Thorn swung around. His weapons were gone, of course. The huge man snapped on the induction-screen switch again and put down his weapon. With that screen separating the room into two halves, no living thing could cross it without either such muscular paralysis as Thorn had just experienced, or death. Coils in the floor induced alternating currents in the flesh itself, very like those currents used for supposed medical effects in “medical batteries,” and “shockers.”

“Be calm!” said Kreynborg, chuckling. “I am pleased to haff company. This is der loneliest spot in der Rockies. It was chosen for that reason. But I shall be here for maybe months, and now I shall not be lonely. We of der Com-Pubs haff scientific resources such as your fools haff nefer dreamed of, but there is no scientific substitute for a pretty woman.”

He turned again to the writing device. It clicked half a dozen times more, and he stopped. A strip of paper came out of it. He inserted it into the slot of another mechanism and switched on a standard G.C. phone as the paper began to feed. In seconds the room was filled with unearthly hoots and wails and whistles.
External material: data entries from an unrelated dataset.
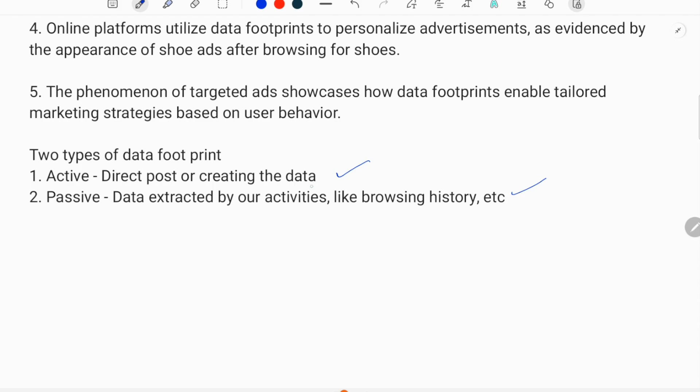What are active data footprints? They involve direct posting or creating data. For example, we regularly use our social media platforms and post images or content which are stored on the platform. This is a form of active data footprints, as we have knowingly shared information about ourselves. Direct posting and direct chatting on social media are all called active footprints.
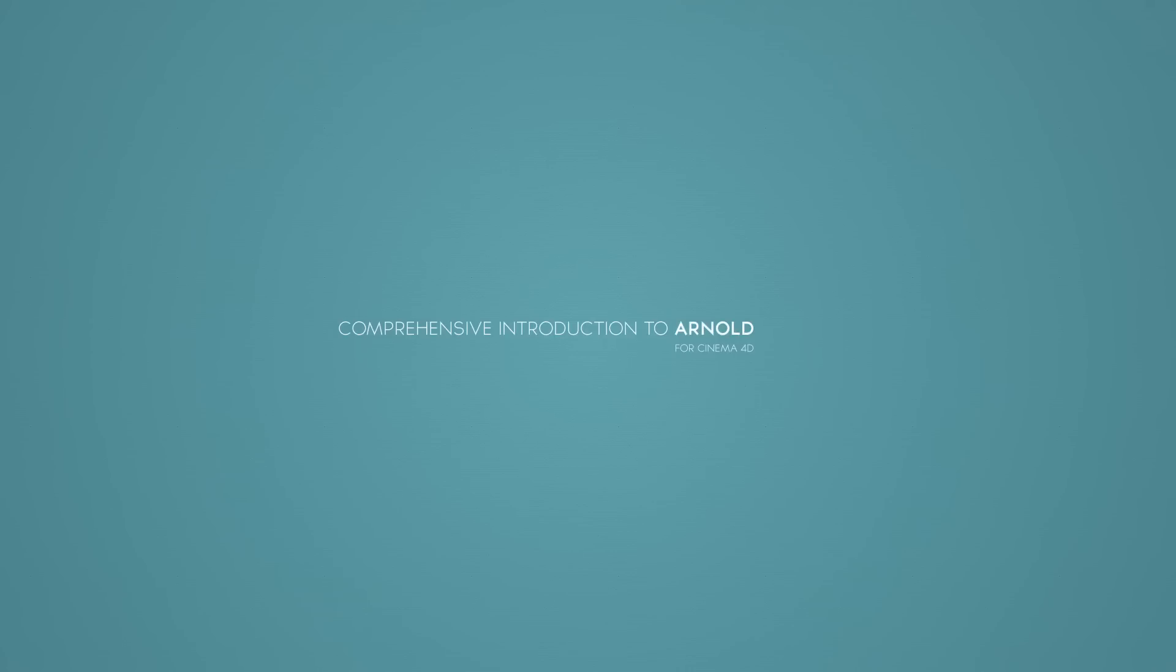Welcome to mographplus.com and comprehensive introduction to Arnold for Cinema 4D. My name is Kamel Khazri and I will be your mentor throughout this course. In this series of tutorials, 8 hours and 20 minutes, that's 500 minutes of tutorials, we learn how to use Arnold for Cinema 4D.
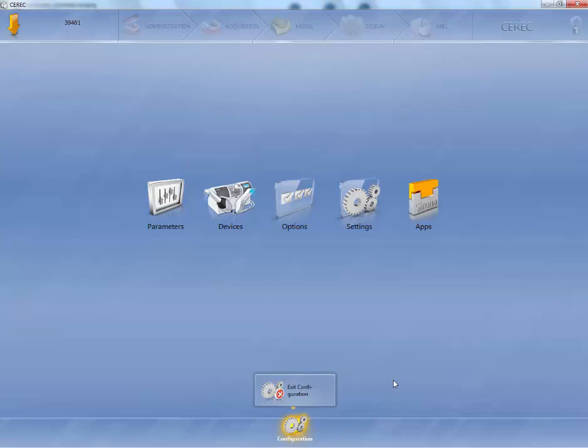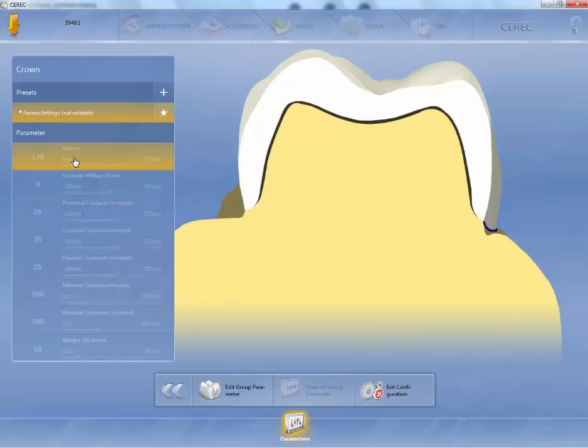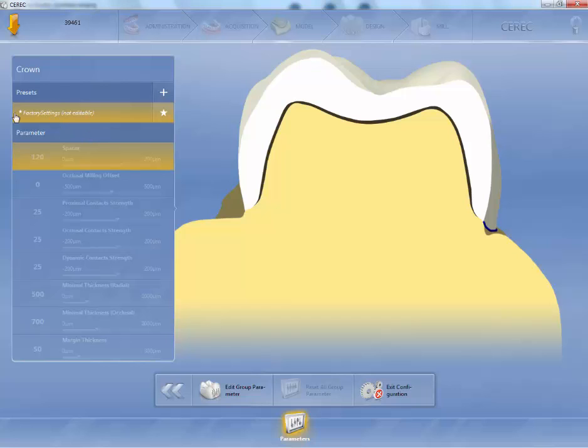I'd now like to discuss the parameters and how we're going to set your machines up. So we're going to click the parameter setting. If I go across, I'm going to start off with the crown first. I'm going to double click on the crown, and as you can see, we have no presets as factory settings which we cannot edit.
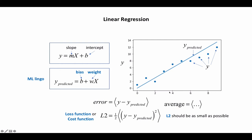Just to recap from the last video, we're using a very simple machine learning model called linear regression, which has two parameters, the bias and the weight, and we want to find the best combination of bias and weight that gives us the lowest value for the loss function or cost function.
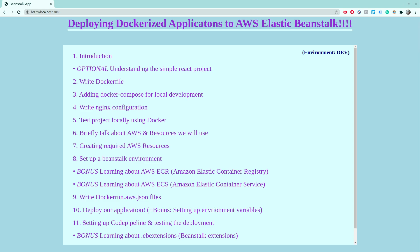Hey there and welcome back to this course on learning how to deploy dockerized applications to AWS Elastic Beanstalk. In the last video we wrote a Dockerfile to dockerize a React application, but we noticed at the end that hard reloading was just not working.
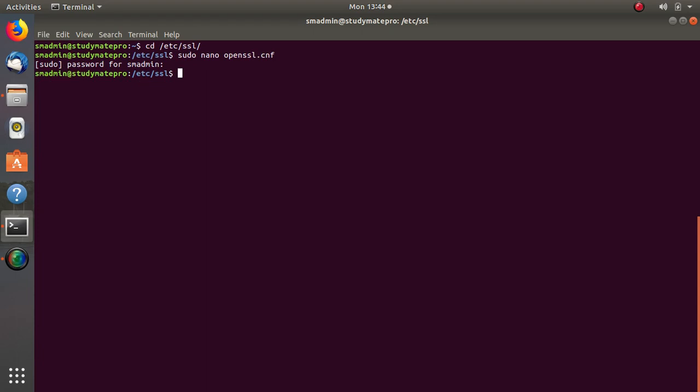Now that we have completed the configuration of the OpenSSL.CNF file, in the next video we will start creating the root certificate. Thank you very much.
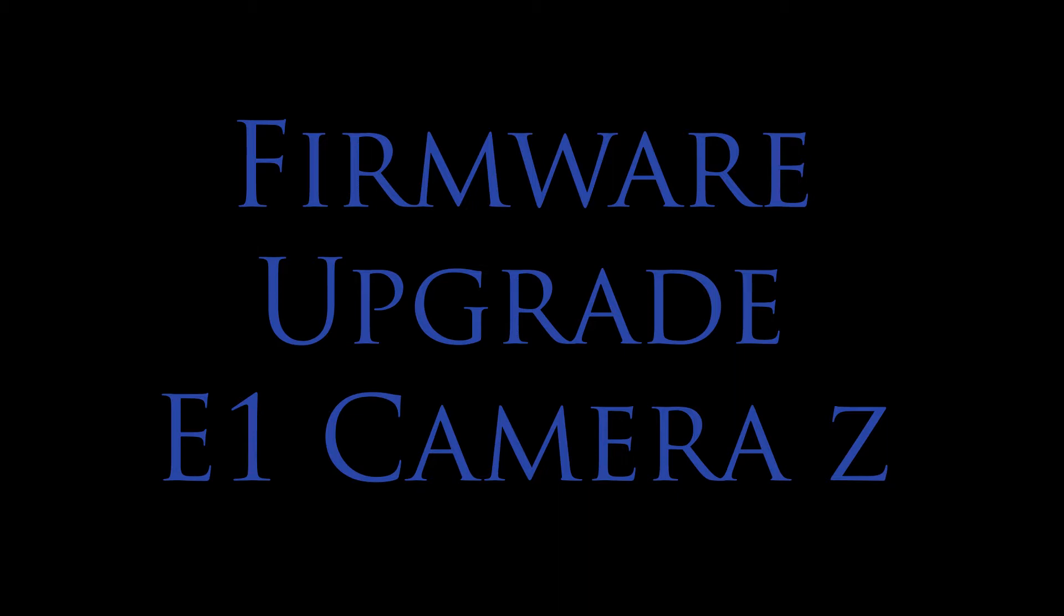So here we go, trying to upgrade the firmware on the E1 camera Z. This is an Android phone, so doing it with the Android app.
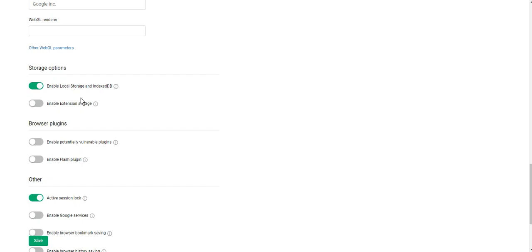Also, you can enable extension storage. Browser extensions and their data are stored in a separate storage, separate from other data. Enable it if you need to install extensions from a browser interface. And don't forget to save settings.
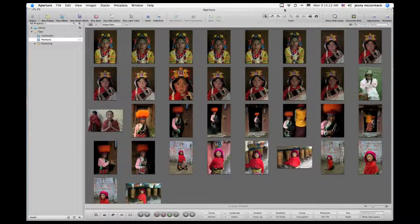Now take a look in the browser window. You'll notice that the first sequence of images — the Tibetan girl in yellow — are all very similar. What I want to do here is stack these images.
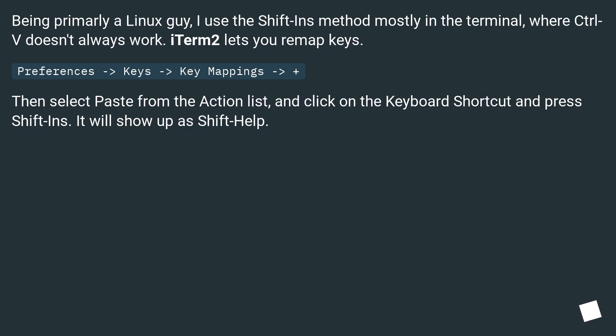Preferences, then Keys, then Key Mappings, then plus. Then select Paste from the Action list, and click on the Keyboard Shortcut and press Shift Insert. It will show up as Shift Help.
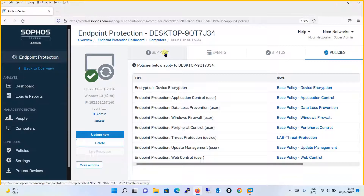This is how you configure a Threat Protection policy with several parameters, or you can keep the default recommended setting. You can enable scheduled scanning, define a message to be displayed to users when an action is taken, and assign the policy to a user, computer, or device — enforcing it to certain computers or groups. That's all about the Threat Protection policy. Thanks for watching — if you haven't subscribed to my YouTube channel, please subscribe and share with your friends. See you in the next tutorial.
They came from the device into which the paper was feeding, and they poured into the G.C. transmitter. They went on for nearly a minute, and ceased. Kreynborg shut off the transmitter.

“My code,” he observed comfortably, “gifing der good news to Stalingrad. Everything is going along beautifully. I roused der fair Sylva and kissed her a few times to make her scream into a record, and I interpolated her screamings into der last code transmission. Your wise men think der Martians haff vivisected her. They are concentrating der entire fighting force of der United Nations outside der dome of force. And all for a few kisses!”

* * * * *

Thorn was white with rage. His eyes burned with a terrible fury. His hands shook. Kreynborg chuckled again.

“Oh, she is unharmed–so far. I haff not much time now. Presently der two of you will while away der time. But not now.”